### Dataset section
((
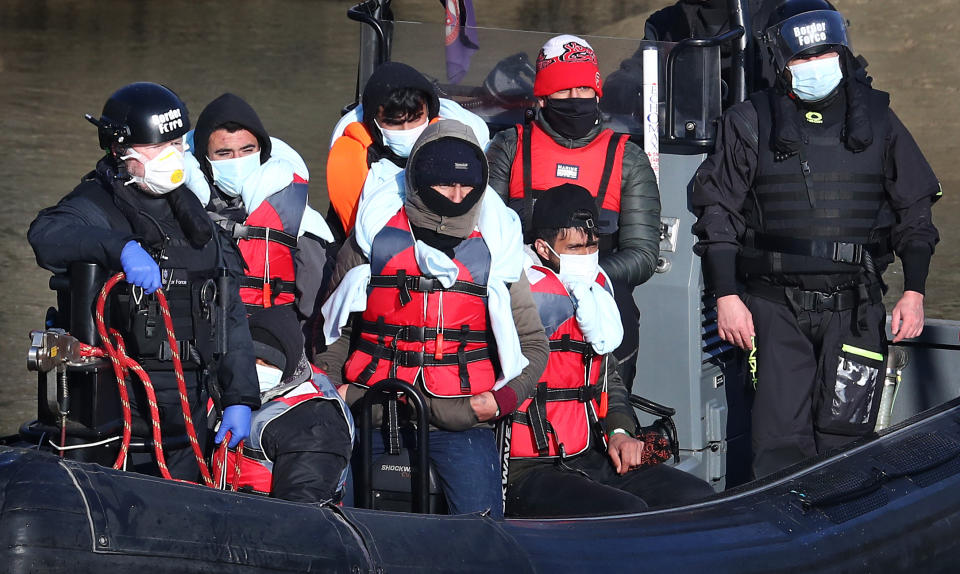 <p>A group of people thought to be migrants are brought in to Dover, Kent, by Border Force officers following a small boat incident in the Channel earlier this morning. Picture date: Tuesday April 13, 2021.</p>
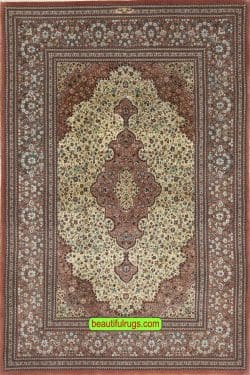 High quality hand knotted Persian Qum rug in beige color. Size 5.3x8.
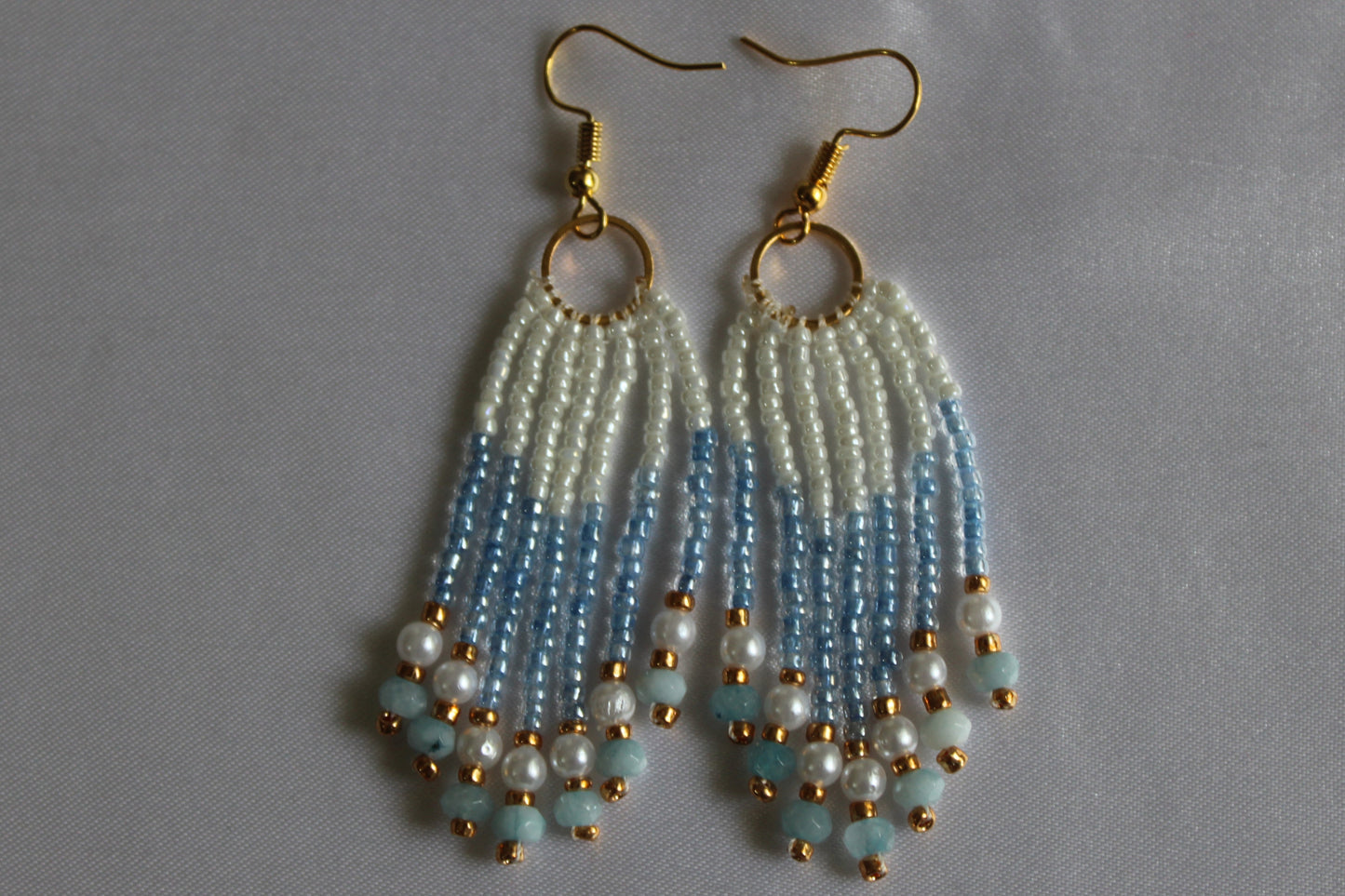 A pair of handmade dangle earrings with gold fishhook wires, circular gold rings, and cascading beaded fringe in white, light blue, and pale aqua, finished with small gold beads.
))
### Exercise instructions
Once the pictures are removed, copy the listing exactly.

### Output of the exercise
 <p>A group of people thought to be migrants are brought in to Dover, Kent, by Border Force officers following a small boat incident in the Channel earlier this morning. Picture date: Tuesday April 13, 2021.</p>
 High quality hand knotted Persian Qum rug in beige color. Size 5.3x8.
 A pair of handmade dangle earrings with gold fishhook wires, circular gold rings, and cascading beaded fringe in white, light blue, and pale aqua, finished with small gold beads.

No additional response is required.